ACPR/116/2024 du 15.02.2024 ( MP ) , REJETE

Descripteurs : AUDITION OU INTERROGATOIRE;POLICE;PREUVE ILLICITE
Normes : CPP.141; CPP.142; CP.158; CPP.306

république et

canton de Genève

POUVOIR JUDICIAIRE

P/16471/2023 ACPR/116/2024

COUR DE JUSTICE

Chambre pénale de recours

Arrêt du jeudi 15 février 2024

 

Entre

A______, domicilié c/o B______, ______ [GE], représenté par Me C______, avocat,

recourant,

 

contre "la décision" rendue le 18 septembre 2023 par le Ministère public,

 

et

LE MINISTÈRE PUBLIC de la République et canton de Genève, route de Chancy 6B, 1213 Petit-Lancy, case postale 3565, 1211 Genève 3,

intimé.


EN FAIT :

A. Par acte expédié par messagerie sécurisée le 28 septembre 2023, A______ recourt contre "la décision" du 18 précédent, communiquée par pli simple, de laquelle on comprend que le Ministère public rejette sa demande de retranchement de certaines pièces de la procédure.

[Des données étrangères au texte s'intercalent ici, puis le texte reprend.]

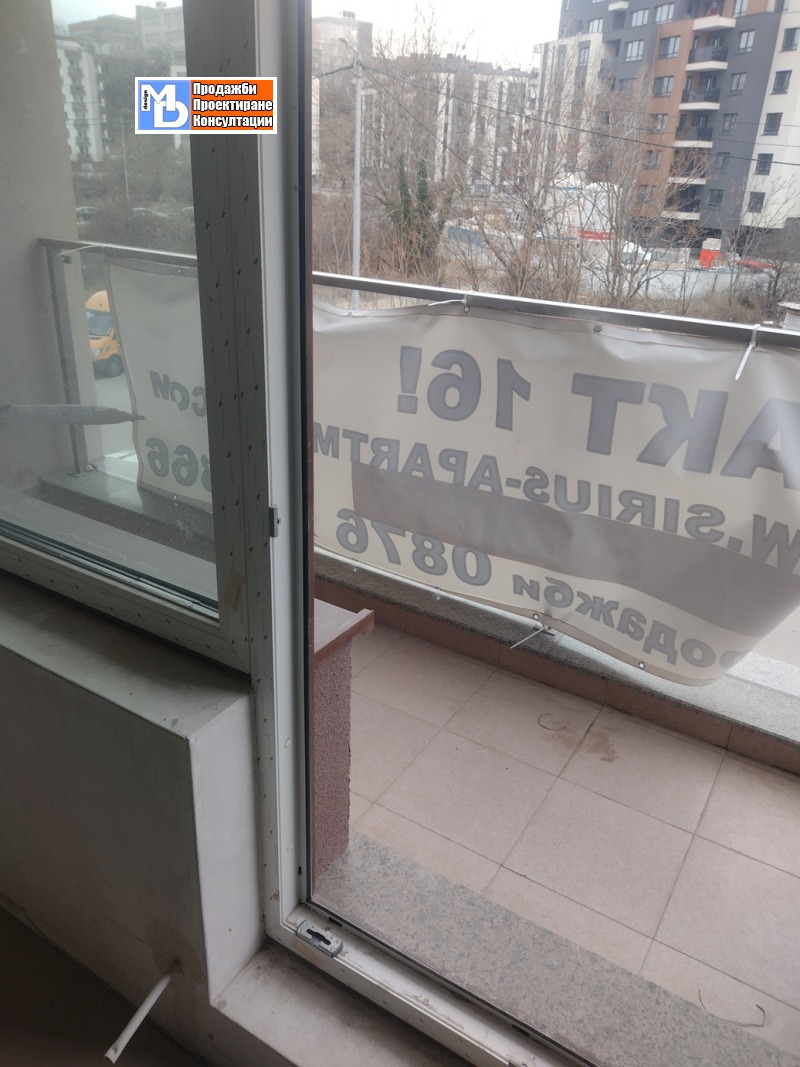 Продава 2-СТАЕН, гр. София, Дружба 2, снимка 8 - Апартаменти - 53388561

Le recourant conclut, sous suite de frais et dépens, à l'annulation de cette décision et à ce qu'il soit ordonné le retranchement du dossier de procédure, pour cause d'inexploitabilité de plusieurs pièces contenant ses déclarations litigieuses selon lesquelles il aurait reconnu s'être fait prodiguer une fellation par D______.

B. Les faits pertinents suivants ressortent du dossier :

a. Le 28 juillet 2023, les policiers sont intervenus à deux reprises (à 6h05 et à 6h42) pour un individu agressif qui se trouvait dans l'appartement loué par E______, sis rue 1______ no. ______ à F______ [GE]. Ils n'ont pas été en mesure d'identifier l'individu en question. Ils ont toutefois interpellé sur place A______.

Le rapport d'arrestation du 28 juillet 2023 mentionne ce qui suit : "Durant l'intervention, M. E______ a expliqué [aux policiers] que la nommée Mme D______ avait été contrainte sexuellement durant la nuit, par un prénommé "A______", identifié donc ultérieurement comme étant A______". Mme G______ s'est ensuite présentée aux policiers pour [les] informer que Mme D______ avait subi des actes sexuels, sans son consentement. Mme D______ s'est entretenue, à sa demande, avec une policière présente sur les lieux. Elle a expliqué oralement que […] peu avant l'intervention de la police, elle aurait subi une pénétration digitale, au niveau de son sexe, de la part de A______. Elle aurait ensuite été contrainte à lui prodiguer une fellation durant laquelle il a éjaculé dans sa bouche" (page 3).

Il est en outre indiqué que : "Forts de ces éléments, les policiers ont décidé d'interpeller M. A______ et de le conduire au poste de police de F______ […]. Questionné oralement, M. A______ a reconnu avoir eu une fellation "vite fait" de la part de la victime" (page 4) et qu'avant d'être entendu par la police, il a "d'emblée indiqué qu'il souhaitait la présence d'un conseil" (page 5).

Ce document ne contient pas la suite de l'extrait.